(What you should do) From the listing below, restate word for word the lines from the line containing "Международный аэропорт Бен" down through the line containing "9 Everett St, Unit". Exclude pictures.

(Listed records)

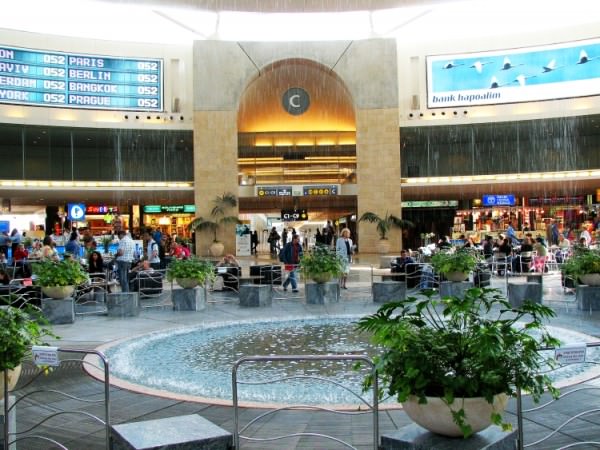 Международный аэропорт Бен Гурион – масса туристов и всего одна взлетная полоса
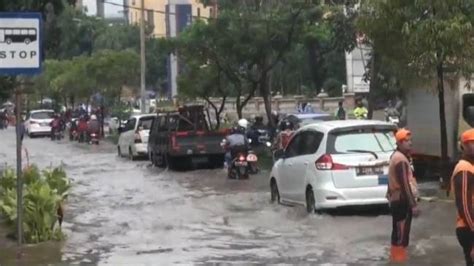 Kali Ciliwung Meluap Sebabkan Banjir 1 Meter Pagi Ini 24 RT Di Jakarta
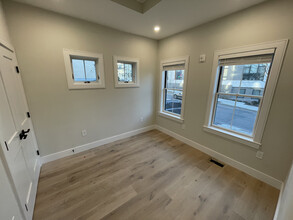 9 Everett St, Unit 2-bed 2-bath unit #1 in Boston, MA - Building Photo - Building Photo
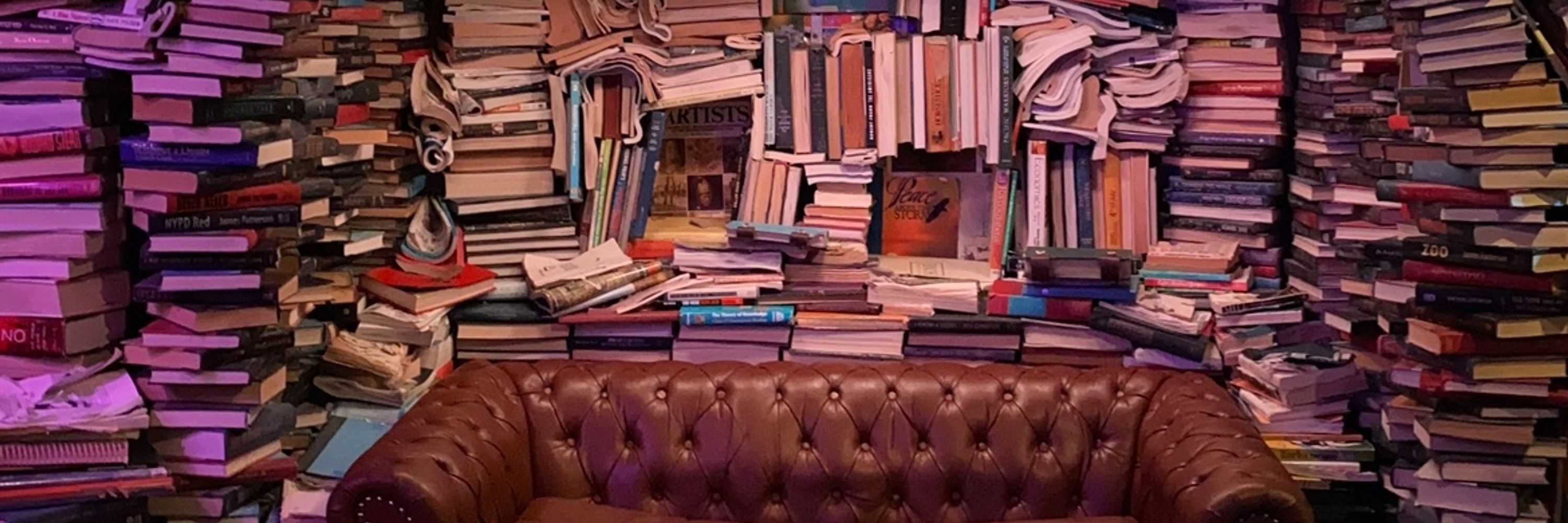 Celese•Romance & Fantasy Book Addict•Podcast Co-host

* * *

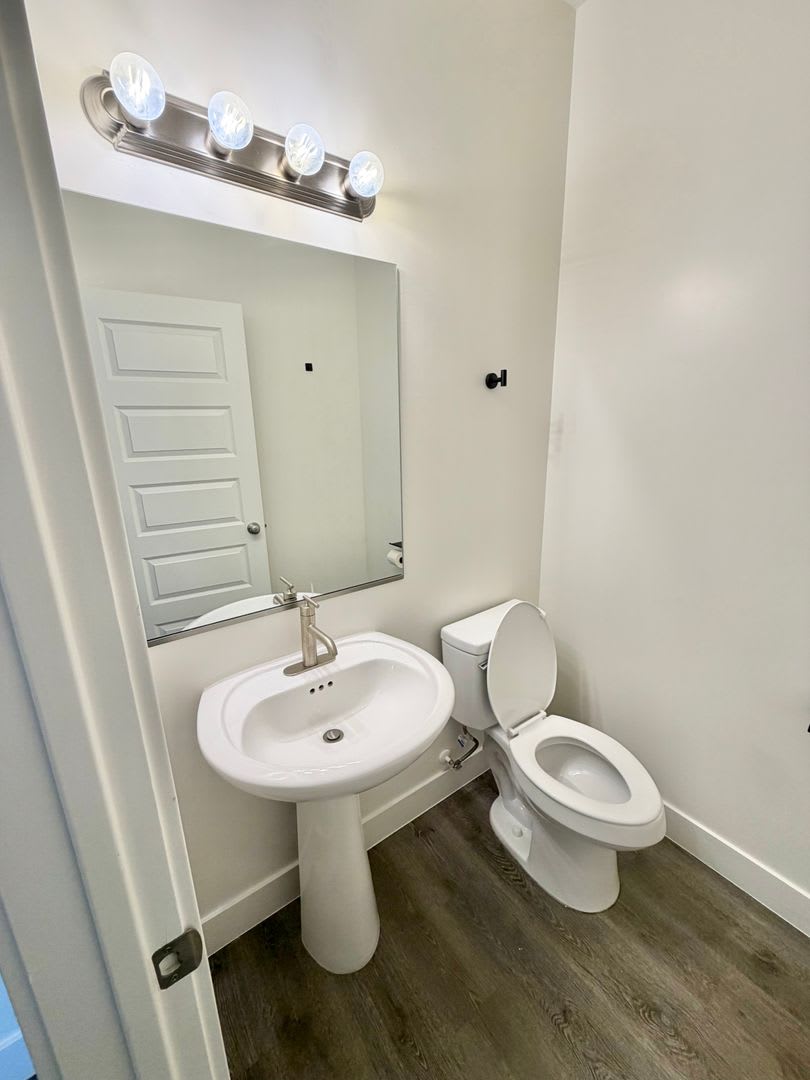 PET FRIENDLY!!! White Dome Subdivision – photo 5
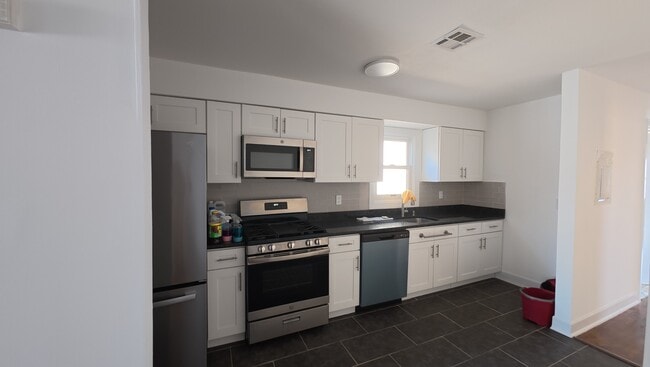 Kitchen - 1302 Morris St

(Answer to this task)
 Международный аэропорт Бен Гурион – масса туристов и всего одна взлетная полоса
 Kali Ciliwung Meluap Sebabkan Banjir 1 Meter Pagi Ini 24 RT Di Jakarta
 9 Everett St, Unit 2-bed 2-bath unit #1 in Boston, MA - Building Photo - Building Photo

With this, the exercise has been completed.